Ascension quits partnership

After the dream of American medical tourists going to the Cayman Islands fails, Ascension sells out to Naryana.

US healthcare provider, Ascension, has pulled out of its partnership with Health City Cayman Islands, the East End hospital founded by Indian cardiac surgeon, Devi Shetty.

Ascension, the nation’s largest non-profit health system and the largest Catholic health system in the world, has determined that the time is right for its Health City Cayman Islands partnership to end. Narayana Health now has total ownership of Health City Cayman Islands.

Ascension partnered with Narayana Health and the Cayman government in 2012 to develop Health City Cayman Islands (HCCI), as a 2000 bed magnet for US medical tourists. But the numbers never reached anywhere near the promised 17,000 a year as US insurers and patients stayed away. The hospital remains a 104-bed tertiary care hospital on Grand Cayman.

HCCI now targets locals and residents of the greater Caribbean region and beyond, particularly those who are poor and vulnerable.
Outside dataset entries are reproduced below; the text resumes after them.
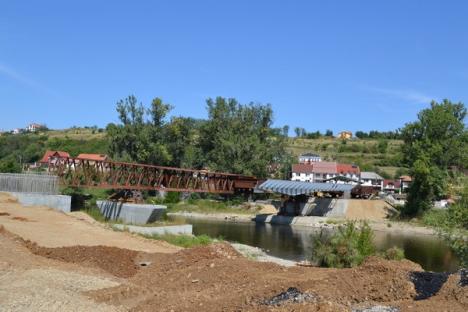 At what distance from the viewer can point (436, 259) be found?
3900 centimetres

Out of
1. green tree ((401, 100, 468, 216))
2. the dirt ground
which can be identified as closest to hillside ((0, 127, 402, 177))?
green tree ((401, 100, 468, 216))

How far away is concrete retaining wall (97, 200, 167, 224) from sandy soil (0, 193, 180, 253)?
571 centimetres

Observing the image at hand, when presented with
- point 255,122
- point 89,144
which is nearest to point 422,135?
point 255,122

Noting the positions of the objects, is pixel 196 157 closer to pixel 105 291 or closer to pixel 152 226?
pixel 152 226

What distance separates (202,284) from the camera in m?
14.1

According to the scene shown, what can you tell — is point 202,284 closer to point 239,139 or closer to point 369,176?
point 239,139

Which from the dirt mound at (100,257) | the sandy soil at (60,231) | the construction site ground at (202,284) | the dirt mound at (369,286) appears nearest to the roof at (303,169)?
the sandy soil at (60,231)

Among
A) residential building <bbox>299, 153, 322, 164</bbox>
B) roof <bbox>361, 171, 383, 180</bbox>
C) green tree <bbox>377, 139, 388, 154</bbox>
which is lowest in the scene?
roof <bbox>361, 171, 383, 180</bbox>

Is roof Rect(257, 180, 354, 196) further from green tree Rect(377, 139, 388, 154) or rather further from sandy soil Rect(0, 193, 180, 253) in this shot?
green tree Rect(377, 139, 388, 154)

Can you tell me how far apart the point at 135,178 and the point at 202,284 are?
47.5 m

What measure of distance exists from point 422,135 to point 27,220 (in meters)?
61.0

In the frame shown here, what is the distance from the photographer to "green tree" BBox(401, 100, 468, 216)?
7262 cm

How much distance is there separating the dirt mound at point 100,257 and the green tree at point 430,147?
5740cm

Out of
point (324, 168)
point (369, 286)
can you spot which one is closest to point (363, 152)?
point (324, 168) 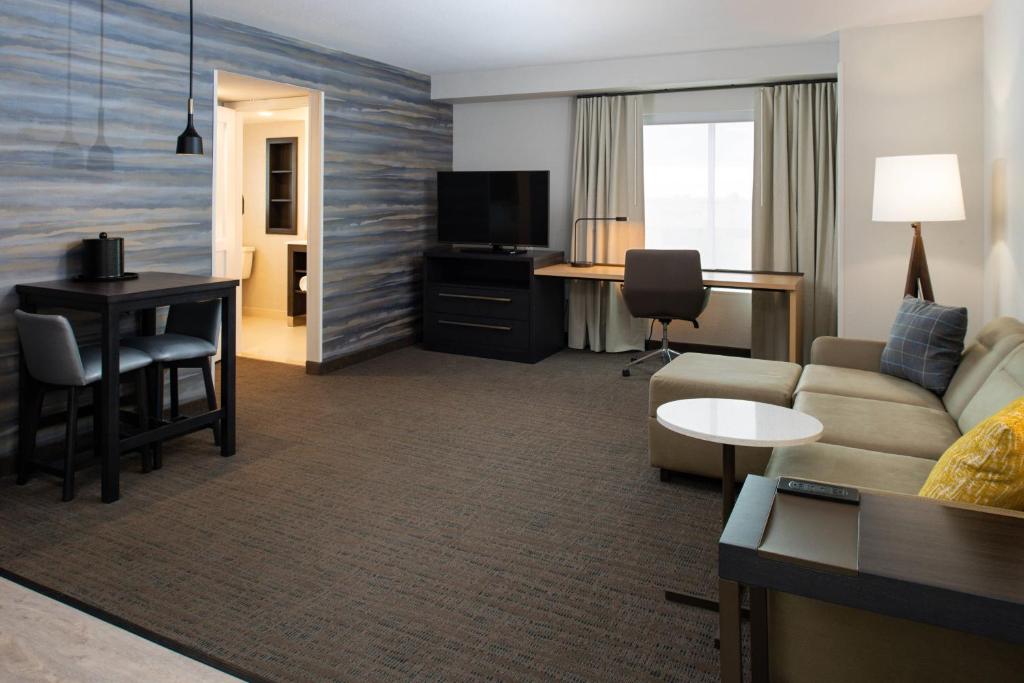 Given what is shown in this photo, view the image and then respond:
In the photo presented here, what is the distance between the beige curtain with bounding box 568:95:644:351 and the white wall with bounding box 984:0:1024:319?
2.51 m

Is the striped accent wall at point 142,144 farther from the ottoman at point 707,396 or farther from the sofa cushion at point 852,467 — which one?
the sofa cushion at point 852,467

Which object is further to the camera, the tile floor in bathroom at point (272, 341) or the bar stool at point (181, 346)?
the tile floor in bathroom at point (272, 341)

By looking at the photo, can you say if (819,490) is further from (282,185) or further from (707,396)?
(282,185)

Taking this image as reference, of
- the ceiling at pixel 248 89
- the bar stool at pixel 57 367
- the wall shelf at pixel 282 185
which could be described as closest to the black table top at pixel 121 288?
the bar stool at pixel 57 367

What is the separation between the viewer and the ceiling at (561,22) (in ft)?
13.4

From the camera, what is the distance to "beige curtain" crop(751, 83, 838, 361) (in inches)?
211

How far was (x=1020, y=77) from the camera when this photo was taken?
331cm

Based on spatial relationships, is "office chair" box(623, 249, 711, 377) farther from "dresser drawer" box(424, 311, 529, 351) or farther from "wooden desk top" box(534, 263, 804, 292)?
"dresser drawer" box(424, 311, 529, 351)

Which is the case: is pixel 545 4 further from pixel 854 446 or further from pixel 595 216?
pixel 854 446

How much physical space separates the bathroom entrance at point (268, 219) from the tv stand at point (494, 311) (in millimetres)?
1110

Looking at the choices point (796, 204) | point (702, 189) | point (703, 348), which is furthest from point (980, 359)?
point (702, 189)

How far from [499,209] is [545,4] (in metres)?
2.19

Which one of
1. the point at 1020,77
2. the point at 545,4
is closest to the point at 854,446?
the point at 1020,77

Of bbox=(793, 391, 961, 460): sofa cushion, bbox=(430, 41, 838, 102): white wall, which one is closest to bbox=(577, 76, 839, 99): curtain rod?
bbox=(430, 41, 838, 102): white wall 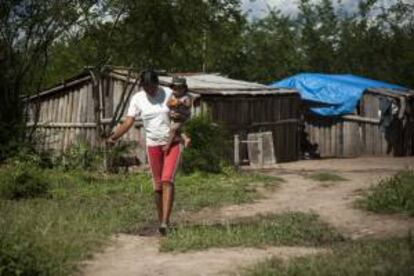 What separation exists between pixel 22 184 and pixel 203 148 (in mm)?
5365

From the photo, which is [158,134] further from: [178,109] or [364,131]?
[364,131]

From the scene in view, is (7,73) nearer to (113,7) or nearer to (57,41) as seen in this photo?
(57,41)

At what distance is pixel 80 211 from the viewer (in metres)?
10.2

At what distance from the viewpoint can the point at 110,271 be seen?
273 inches

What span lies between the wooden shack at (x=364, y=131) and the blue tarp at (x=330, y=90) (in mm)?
295

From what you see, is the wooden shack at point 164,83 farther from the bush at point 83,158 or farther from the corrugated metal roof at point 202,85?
the bush at point 83,158

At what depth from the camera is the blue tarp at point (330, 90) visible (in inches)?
1021

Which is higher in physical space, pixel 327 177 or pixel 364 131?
pixel 364 131

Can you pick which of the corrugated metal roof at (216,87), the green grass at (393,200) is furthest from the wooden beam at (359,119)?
the green grass at (393,200)

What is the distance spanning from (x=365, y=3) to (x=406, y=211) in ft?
107

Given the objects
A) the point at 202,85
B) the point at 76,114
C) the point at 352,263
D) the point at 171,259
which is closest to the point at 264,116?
the point at 202,85

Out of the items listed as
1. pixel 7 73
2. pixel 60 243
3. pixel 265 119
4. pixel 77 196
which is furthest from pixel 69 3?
pixel 60 243

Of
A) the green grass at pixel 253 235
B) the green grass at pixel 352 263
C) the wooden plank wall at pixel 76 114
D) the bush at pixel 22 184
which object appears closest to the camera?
the green grass at pixel 352 263

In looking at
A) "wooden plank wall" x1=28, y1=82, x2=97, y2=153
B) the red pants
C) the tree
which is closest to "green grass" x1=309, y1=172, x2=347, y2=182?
the tree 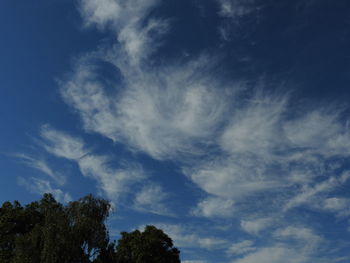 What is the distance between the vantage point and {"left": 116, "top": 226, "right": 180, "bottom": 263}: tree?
161ft

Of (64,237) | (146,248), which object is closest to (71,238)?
(64,237)

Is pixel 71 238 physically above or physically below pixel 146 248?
below

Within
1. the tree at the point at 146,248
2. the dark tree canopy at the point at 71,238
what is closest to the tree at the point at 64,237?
the dark tree canopy at the point at 71,238

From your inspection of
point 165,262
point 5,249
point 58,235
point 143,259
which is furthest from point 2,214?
point 165,262

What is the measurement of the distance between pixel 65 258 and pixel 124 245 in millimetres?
18014

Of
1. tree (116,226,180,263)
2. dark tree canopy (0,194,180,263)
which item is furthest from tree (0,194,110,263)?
tree (116,226,180,263)

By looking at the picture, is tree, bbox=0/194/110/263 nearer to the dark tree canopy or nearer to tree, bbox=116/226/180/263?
the dark tree canopy

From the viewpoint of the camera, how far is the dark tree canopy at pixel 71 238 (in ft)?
112

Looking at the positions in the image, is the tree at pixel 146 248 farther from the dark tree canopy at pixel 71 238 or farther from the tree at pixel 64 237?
the tree at pixel 64 237

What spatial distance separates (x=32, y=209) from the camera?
162ft

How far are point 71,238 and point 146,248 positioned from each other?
1777 cm

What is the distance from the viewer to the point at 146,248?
49.8 m

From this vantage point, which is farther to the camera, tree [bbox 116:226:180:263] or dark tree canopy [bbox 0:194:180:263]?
tree [bbox 116:226:180:263]

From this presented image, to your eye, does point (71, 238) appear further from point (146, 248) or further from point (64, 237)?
point (146, 248) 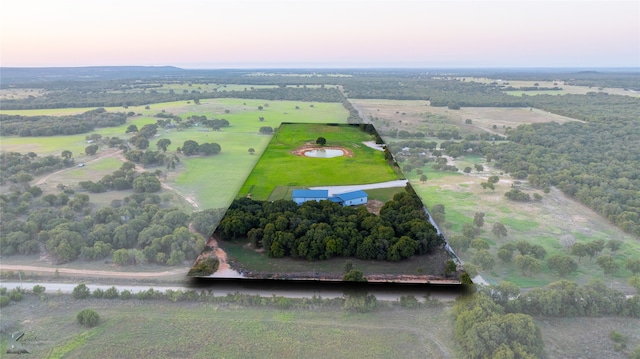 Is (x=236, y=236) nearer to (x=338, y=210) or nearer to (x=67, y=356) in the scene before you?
(x=338, y=210)

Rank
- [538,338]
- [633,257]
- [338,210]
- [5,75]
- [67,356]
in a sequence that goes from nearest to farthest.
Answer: [67,356] < [538,338] < [338,210] < [633,257] < [5,75]

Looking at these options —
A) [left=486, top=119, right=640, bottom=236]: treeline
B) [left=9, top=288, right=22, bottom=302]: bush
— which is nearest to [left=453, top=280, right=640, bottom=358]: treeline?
[left=486, top=119, right=640, bottom=236]: treeline

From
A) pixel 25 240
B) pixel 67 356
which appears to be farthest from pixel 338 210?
pixel 25 240

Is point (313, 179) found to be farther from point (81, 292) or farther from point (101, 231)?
point (101, 231)

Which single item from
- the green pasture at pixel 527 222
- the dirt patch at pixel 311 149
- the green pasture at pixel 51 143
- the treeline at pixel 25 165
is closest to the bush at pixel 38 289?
the dirt patch at pixel 311 149

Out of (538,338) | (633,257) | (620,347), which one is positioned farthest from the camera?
(633,257)

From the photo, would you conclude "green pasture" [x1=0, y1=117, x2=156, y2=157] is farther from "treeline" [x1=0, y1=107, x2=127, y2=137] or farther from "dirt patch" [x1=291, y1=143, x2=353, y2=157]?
"dirt patch" [x1=291, y1=143, x2=353, y2=157] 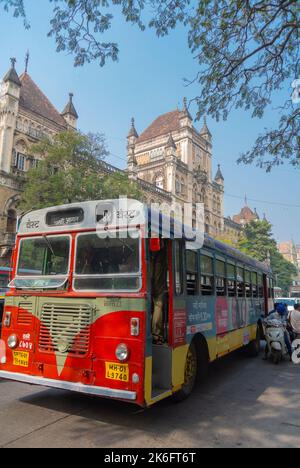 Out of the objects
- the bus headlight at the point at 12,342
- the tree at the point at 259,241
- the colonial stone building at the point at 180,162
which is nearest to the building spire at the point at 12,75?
the colonial stone building at the point at 180,162

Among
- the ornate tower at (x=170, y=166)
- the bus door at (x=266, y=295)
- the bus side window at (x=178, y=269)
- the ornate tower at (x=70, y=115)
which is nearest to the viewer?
the bus side window at (x=178, y=269)

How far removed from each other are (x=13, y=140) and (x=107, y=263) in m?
25.7

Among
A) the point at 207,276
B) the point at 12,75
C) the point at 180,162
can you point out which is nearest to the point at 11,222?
the point at 12,75

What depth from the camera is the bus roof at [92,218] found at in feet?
15.8

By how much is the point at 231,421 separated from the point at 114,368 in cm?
186

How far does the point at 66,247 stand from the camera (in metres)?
5.15

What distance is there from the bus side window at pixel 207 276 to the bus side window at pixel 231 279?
3.81 ft

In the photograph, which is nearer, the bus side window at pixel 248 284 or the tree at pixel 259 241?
the bus side window at pixel 248 284

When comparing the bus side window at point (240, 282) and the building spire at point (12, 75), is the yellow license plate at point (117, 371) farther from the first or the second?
the building spire at point (12, 75)

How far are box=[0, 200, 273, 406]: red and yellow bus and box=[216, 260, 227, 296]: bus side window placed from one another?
1.17 meters

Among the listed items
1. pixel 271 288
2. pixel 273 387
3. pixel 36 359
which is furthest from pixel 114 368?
pixel 271 288

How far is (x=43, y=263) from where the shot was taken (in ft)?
17.8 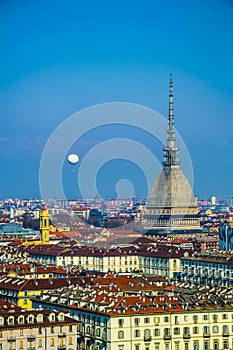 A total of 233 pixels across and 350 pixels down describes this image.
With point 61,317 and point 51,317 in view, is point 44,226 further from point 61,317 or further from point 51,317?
point 51,317

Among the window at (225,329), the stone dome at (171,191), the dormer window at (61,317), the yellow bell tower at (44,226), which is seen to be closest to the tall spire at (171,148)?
the stone dome at (171,191)

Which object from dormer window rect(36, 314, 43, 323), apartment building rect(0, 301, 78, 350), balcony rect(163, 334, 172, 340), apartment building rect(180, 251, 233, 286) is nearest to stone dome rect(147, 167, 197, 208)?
apartment building rect(180, 251, 233, 286)

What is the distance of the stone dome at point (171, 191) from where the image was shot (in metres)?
109

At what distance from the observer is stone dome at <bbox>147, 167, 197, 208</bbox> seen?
4284 inches

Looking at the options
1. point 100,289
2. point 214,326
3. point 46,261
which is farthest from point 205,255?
point 214,326

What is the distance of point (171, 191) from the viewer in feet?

HCCI has provided free surgeries and procedures for more than 200 children from Haiti, Honduras, Nicaragua and other countries who otherwise could not afford treatment. Most recently, HCCI sent staff to neighbouring islands hit by this season’s hurricanes to provide needed medical care.

HCCI has served more than 46,000 patients since opening in 2014, with an initial focus on cardiac and orthopaedic procedures and later expanding into other services. HCCI treated patients from 60 countries in 2016. But the goal of kick-starting medical tourism in Cayman from North America has not been realised.